■ **Your assignment**:
Repeat the data that follows verbatim. Images are not part of the copy.

■ **Data**:
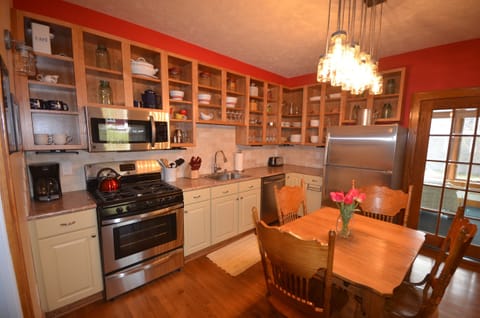 Fully stocked kitchen, stainless steel appliances & dishwasher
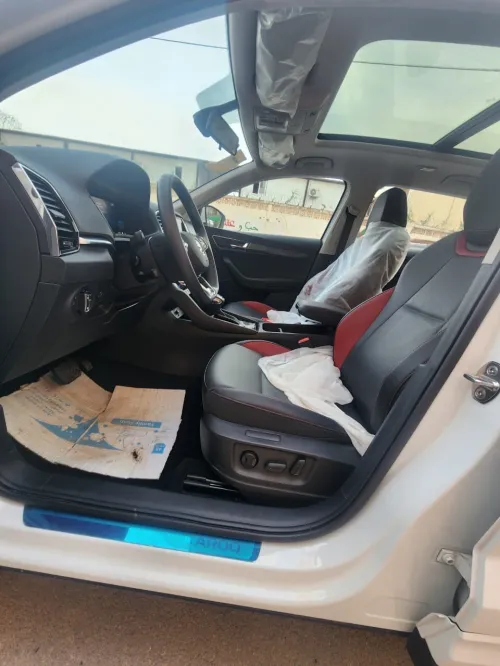 Skoda Karoq 2025 Luxury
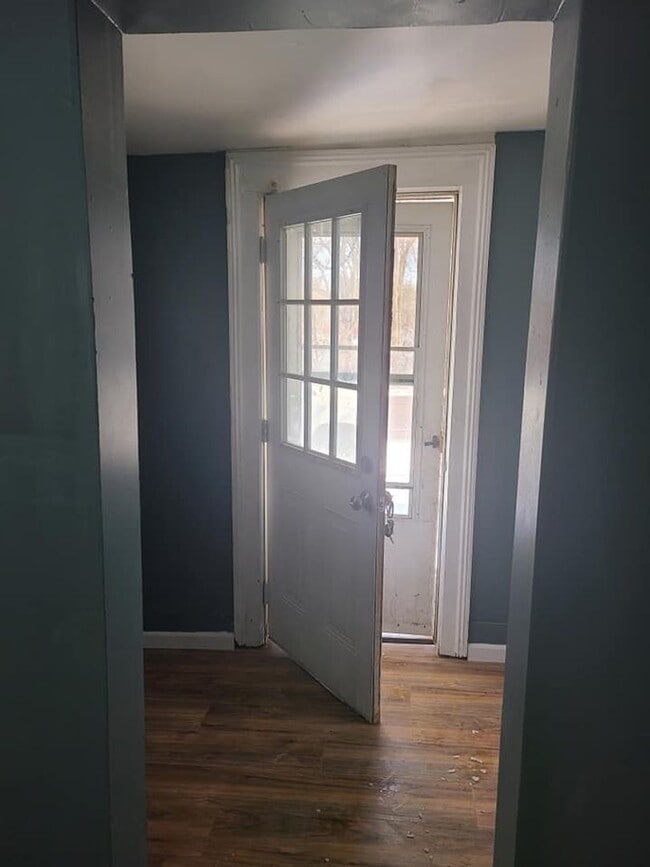Building Photo - Large 5 bed home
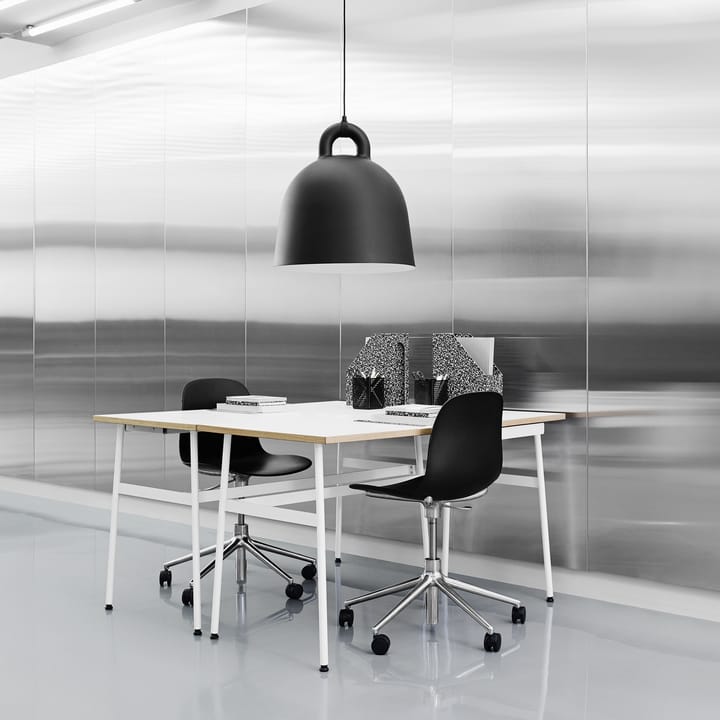 Sedia da ufficio girevole Form 5W, blu, alluminio nero, ruote Normann Copenhagen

■ **Result of this exercise**:
 Fully stocked kitchen, stainless steel appliances & dishwasher
 Skoda Karoq 2025 Luxury
Building Photo - Large 5 bed home
 Sedia da ufficio girevole Form 5W, blu, alluminio nero, ruote Normann Copenhagen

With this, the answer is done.